INQUIRER.net | 09/04/2008
Pangilinan: Some senators considering JPEPA renegotiation
By Maila Ager
MANILA, Philippines — Four to five senators are considering calling for a renegotiation of the Japan-Philippine Economic Partnership Agreement (JPEPA) as a “way out” of the debate over the pact, Senate Majority Leader Francis “Kiko” Pangilinan said on Thursday.
Pangilinan declined to name the senators but opposition Senator Benigno “Noynoy” Aquino III, in a text message, said he supports a renegotiation of the trade agreement.
“In as much as I have yet to hear anyone support JPEPA enthusiastically, and Japan has an urgent priority to secure free trade agreements to maintain [its] competitiveness against China, a renegotiation will serve our country’s rights” Aquino said.
At a weekly forum in the Senate, Pangilinan said he and some of his colleagues are studying the option of pushing for the renegotiation of some provisions of the agreement, instead of limiting their options to either ratifying or rejecting the JPEPA.
He also acknowledged having initiated the discussions on a possible call for renegotiation.
But Pangilinan stressed that any renegotiation should still have the end view of ratifying the agreement..
“At this point, some of the senators are discussing, although we have yet to firm up a consensus, that perhaps one way out of this current debate would be a position that we will not reject nor will we ratify, but we will call for a renegotiation of the JPEPA,” he said .
“This [is] something that we are exploring as an option. I’ve talked to a few senators, but I’m still trying to build a consensus, if a consensus can be reached. So right now that’s still up in the air and still pending,” he said.
Asked after the forum how many senators he was referring to, Pangilinan said: “Mga apat o lima. I will not disclose muna [their identities]. Premature pa [Around four or five. I will not disclose their identities yet. It is premature].”
The possibility of a call for renegotiation comes after an exchange of notes between the Philippines and Japan vowing the agreement will not violate each country’s constitution.

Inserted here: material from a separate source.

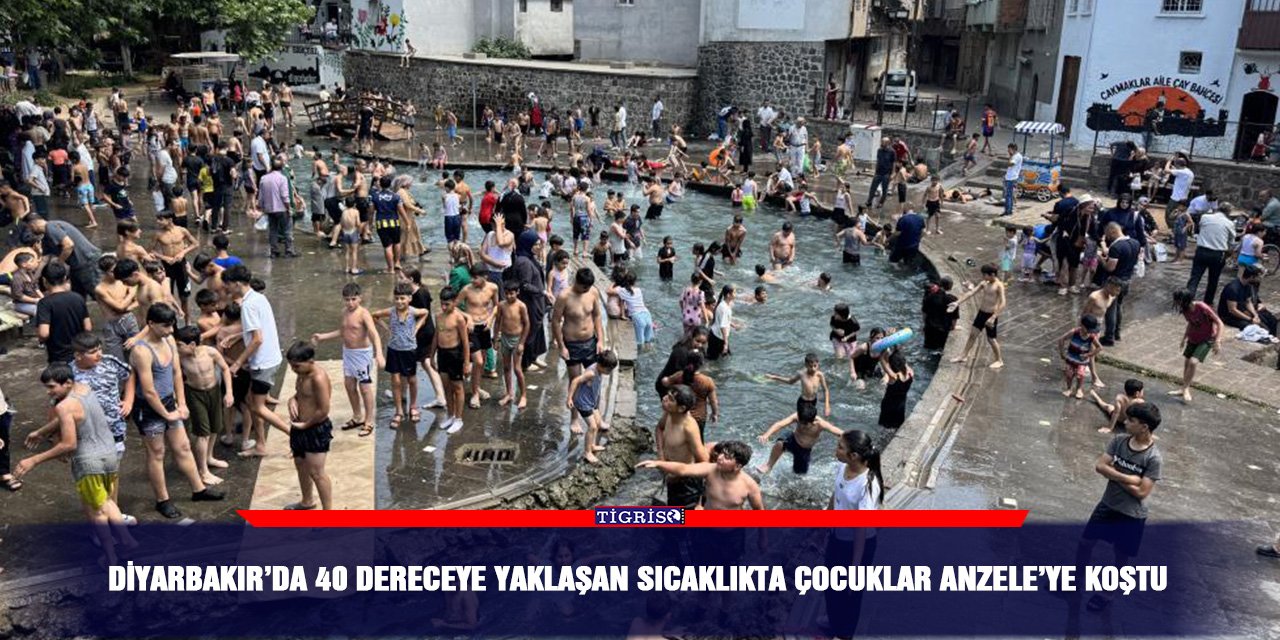 Diyarbakır’da 40 dereceye yaklaşan sıcaklıkta çocuklar Anzele’ye koştu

Those opposed to the JPEPA have raised fears the treaty would open the country up to imports of industrial wastes and allow foreign ownership of businesses and properties, in violation of the Constitution.

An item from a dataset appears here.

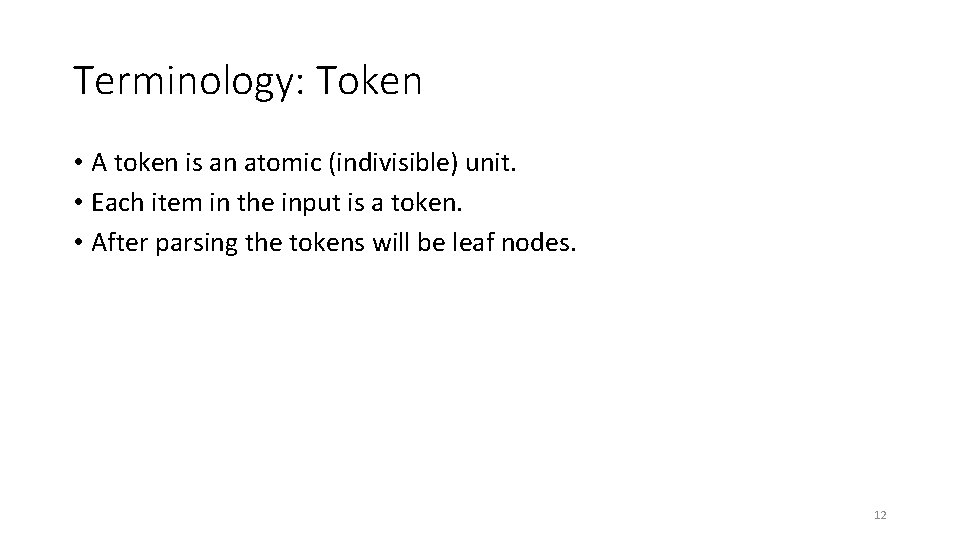 Terminology: Token • A token is an atomic (indivisible) unit. • Each item in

A copy of the exchange was released Tuesday by Senator Miriam Defensor-Santiago, chairman of the Senate foreign affairs committee, who said this would assure the ratification of the controversial treaty.
But Pangilinan described the side notes as “renegotiation...in itself.”
“These are clarifications on issues that need to be spelled out that were not spelled out before. So the spelling out of this provision [that no constitution would be violated] through side notes, if you ask me, takes the form of a clarification and a renegotiation of some of the terms and provisions of the agreement,” Pangilinan said.
“So in effect, ang nangyayari dito, mayroon ng [what is happening here is there is a] renegotiation being undertaken. So why don’t we push it even further and seek additional clarification on other terms particularly the trade provisions?” he said.
The trade issues that should be clarified, Pangilinan said, include the discrepancies in tariff impositions on certain products and the issue of allowing secondhand vehicles in and out of the country.